Combining filters across dimensions (in this case, "Category1" for Ruth’s Hospitality Group):

>>> filters = {'section_pk': [742], 'category': ['Category1']}
>>> schema, df = dm.get_data_raw(ds, filters=filters)
category panel_sales period_end period_start section_pk
Category1 -0.2233 2018-07-02 2018-04-02 742

Aggregating Results on Different Cadences

The raw data endpoint can also take an optional Aggregation object to request data with a time-based aggregation applied. For example:

from datamonster_api import DataMonster, Aggregation

dm = DataMonster(<key_id>, <secret_key>)

# Get Company for Home Depot
hd = dm.get_company_by_ticker('hd')

# Get our Data Source
ds = dm.get_datasource_by_name('XYZ Data Source')

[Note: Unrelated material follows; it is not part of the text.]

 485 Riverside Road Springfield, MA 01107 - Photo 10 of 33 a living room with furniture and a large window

# Filter to Home Depot data and aggregate by Home Depot's fiscal quarters
filters = {'section_pk': [hd.pk]}
agg = Aggregation(period='fiscalQuarter', company=hd)
dm.get_data_raw(ds, filters=filters, aggregation=agg)

Get Dimensions for Datasource

Assuming dm is a DataMonster object, and given this fake data source and company:

datasource = next(
    dm.get_datasources(query="Fake Data Source")
)
the_gap = dm.get_company_by_ticker("GPS")

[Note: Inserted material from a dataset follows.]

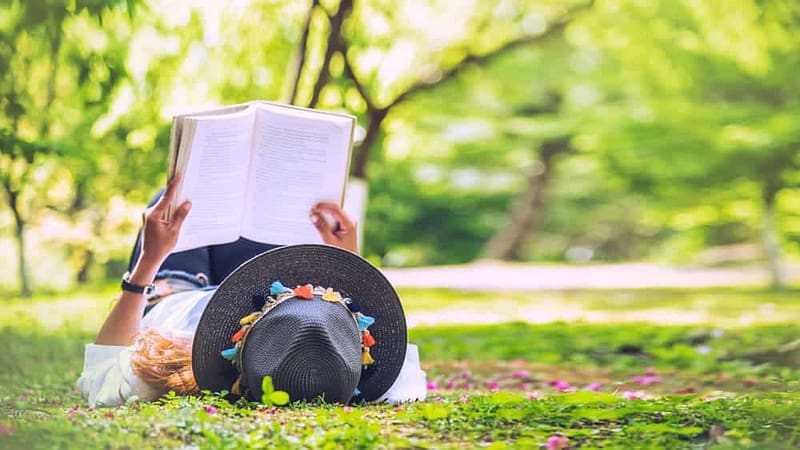 A woman relaxing on the grass, engrossed in a captivating book at a Kansas State Park.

this call to get_dimensions_for_datasource:

dimset = dm.get_dimensions_for_datasource(
    datasource,
    filters={
        "section_pk": the_gap.pk,
        "category": "Banana Republic",
    },
)

returns an iterable, dimset, to a collection with just one dimensions dict. Assuming from pprint import pprint, the following loop:

for dim in dimset:
    pprint(dim)

prettyprints the single dimension dict:

{
    "max_date": "2019-06-21",
    "min_date": "2014-01-01",
    "row_count": 1998,
    "split_combination": {
        "category": "Banana Republic",
        "country": "US",
        "section_pk": 707,
    },
}

How to Data Upload

The API is meant to programmatically refresh existing data uploads. The initial upload that specifies the schema must still be uploaded via UI. Currently the API supports the ability to search for data groups one owns, check the processing status, and uploading valid DataFrames to existing data groups.

for data_group in dm.get_data_groups():
    print(data_group)

Alternatively, one can fetch a data group by its ID and view its status:

dg = dm.get_data_group_by_id(1012)
dg.get_current_status()

To view the columns (and schema) of the data group in order to verify the type of data we wish to re-upload:

dg.columns

To refresh the data, call start_data_refresh with a valid pandas.DataFrame object that matches the schema of the data group.

df = pandas.DataFrame({
    'Start_Date': ['2019-01-01'],
    'end date': ['2019-01-02'],
    'dummy data 1': [1],
    'dummy data_2': [1],
    'Ticker': ['AAP'],
    ...
})
dg.start_data_refresh(df)
dg.get_current_status()

The status of the data group object will change to reflect the latest status

If the schema of dataframe does not match the schema expected by data group, an exception is raised with a useful message.